Academic and Public Health Partnerships
Academic and public health partnerships were another theme to emerge, which we defined as building relationships and assigning complementary/noncompeting roles between academic and public health partners. Many of the participants were actively involved with generating regular reports for the local health departments, tribal nations, universities, and other external partners and emphasized the importance of forming strong relationships with these entities:
We can think of infrastructure, not in terms of who's doing what where, but the relationships between academia and the health department.
[FG1, ID researcher]
When discussing who should be responsible for conducting routine molecular surveillance, many of the participants felt that it depends on who has the skillset. They thought that it is easier to recruit the type of talent that you need to universities rather than to health departments:
I think it's unrealistic to expect the health departments to have and maintain that level of [phylogenetic] expertise. You're going to have regional versus county versus state issues. And maintaining that capacity is going to be difficult. And then also, this will be a rapidly evolving field, and it'll be a lot easier to recruit the type of talent that you need to universities, rather than to health departments. And then also, you get the infrastructure that health departments desperately need, and that infrastructure is better relationships with the academic centers.

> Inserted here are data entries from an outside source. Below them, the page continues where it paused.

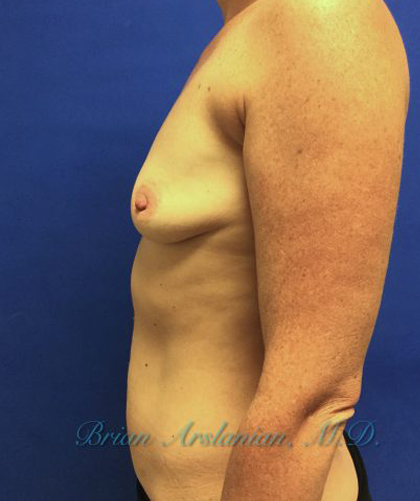 Breast Augmentation case #2619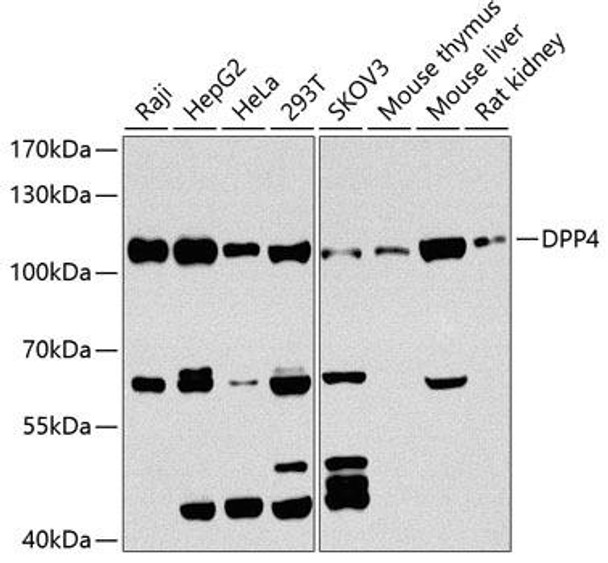 Cell Biology Antibodies 5 Anti-DPP4 Antibody CAB1455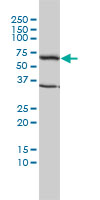 TCP1 Antibody - TCP1 monoclonal antibody (M01), clone 2B2-D6 Western blot of TCP1 expression in HeLa.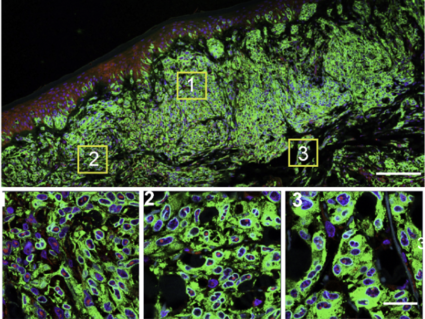 A microscopic image of melanoma cells, highlighting the androgen receptor in cell nuclei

Others cited issues with the adoption of existing phylodynamic tools within the public health sector due to the limited infrastructure for computational power. Overall, the participants felt that having strong public health–academic partnerships is essential to accomplish this type of work. The applied public health sector should be identifying the questions that need answers, while the academics should focus on the methodological nuances of the analyses and the bigger picture:
I think in terms of the academic and public health joint participation in these issues, they have to come together to focus on the public health questions of importance. And I say sometimes academics have an important contribution to make to that discussion because sometimes people so involved in their fieldwork don't think about the other things that could be important.
[FG1, ID researcher]
The consensus of the groups was that contracting the work out to academics may be the best approach to maintaining expertise and staying on the “bleeding edge of the technology” (FG1, PH federal).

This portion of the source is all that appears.